Sosiolog Universitas Padjadjaran, Ari Ganjar, mengungkapkan bahwa persepsi negatif masyarakat terhadap debt collector tidak terbentuk tanpa sebab. Salah satu yang paling berpengaruh adalah pola praktik intimidatif dalam kerja mereka yang terus terjadi dan terekspos secara luas.

“Debt collector yang seperti itu biasanya bekerja untuk lembaga-lembaga pinjaman. Mereka menyewa orang-orang yang berani, bahkan terkadang memiliki latar belakang premanisme, untuk menagih utang dengan cara-cara keras,” ujar Ari saat dihubungi infoJabar, Rabu (18/6/2025).

Menurut Ari, metode intimidasi yang kerap digunakan oleh debt collector inilah yang menjadi salah satu alasan mengapa masyarakat membenci mereka. Tindakan-tindakan seperti ancaman verbal, teror melalui telepon, hingga kekerasan fisik menjadi fenomena yang akrab terdengar.

Kejadian-kejadian semacam ini sering diliput media atau disebarluaskan dari mulut ke mulut, sehingga memperkuat citra buruk debt collector di benak masyarakat.

“Cara-cara inilah yang kemudian membuat masyarakat (yang ditagih debt collector) terekspos ya melalui media, atau dari dari mulut-mulut, sehingga terbentuk persepsi di masyarakat bahwa debt collector itu adalah sosok yang menakutkan,” terangnya.
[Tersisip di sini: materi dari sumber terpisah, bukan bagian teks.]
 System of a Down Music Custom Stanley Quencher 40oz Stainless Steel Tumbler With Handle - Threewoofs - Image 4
Namun, Ari menekankan bahwa untuk memahami persoalan ini secara utuh, harus dilihat dari sudut pandang yang lebih besar, bukan hanya kasus per kasus. Ia menjelaskan bahwa kondisi ekonomi masyarakat yang sedang terpuruk turut memicu tingginya angka pinjaman di lembaga keuangan tidak resmi.
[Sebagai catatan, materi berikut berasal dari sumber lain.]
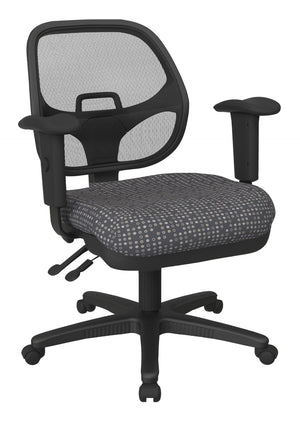 OSP Home Furnishings Ergonomic Mesh Task Chair with Lumbar Support and Pneumatic Lift for Modern Offices Ash 29024-K102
“Masyarakat yang kesulitan ekonomi dan memiliki aset terbatas cenderung mencari jalur cepat untuk mendapatkan pinjaman. Lembaga keuangan formal seperti bank biasanya memberlakukan prosedur ketat, membutuhkan agunan, dan seleksi yang panjang. Sementara pinjaman online dan bank emok memberikan kemudahan dengan risiko besar yang tidak dipahami sebagian masyarakat,” paparnya.

Lembaga-lembaga ini, lanjut Ari, tidak memerlukan agunan fisik seperti bank. Mereka hanya meminta akses data pribadi seperti KTP, akun media sosial, dan daftar kontak di ponsel peminjam. Data inilah yang kemudian digunakan sebagai alat ancaman apabila terjadi tunggakan pembayaran.

Salah satu modus yang sering digunakan debt collector adalah doxing, yakni membongkar dan menyebarluaskan data pribadi peminjam untuk menekan mereka agar segera melunasi utang.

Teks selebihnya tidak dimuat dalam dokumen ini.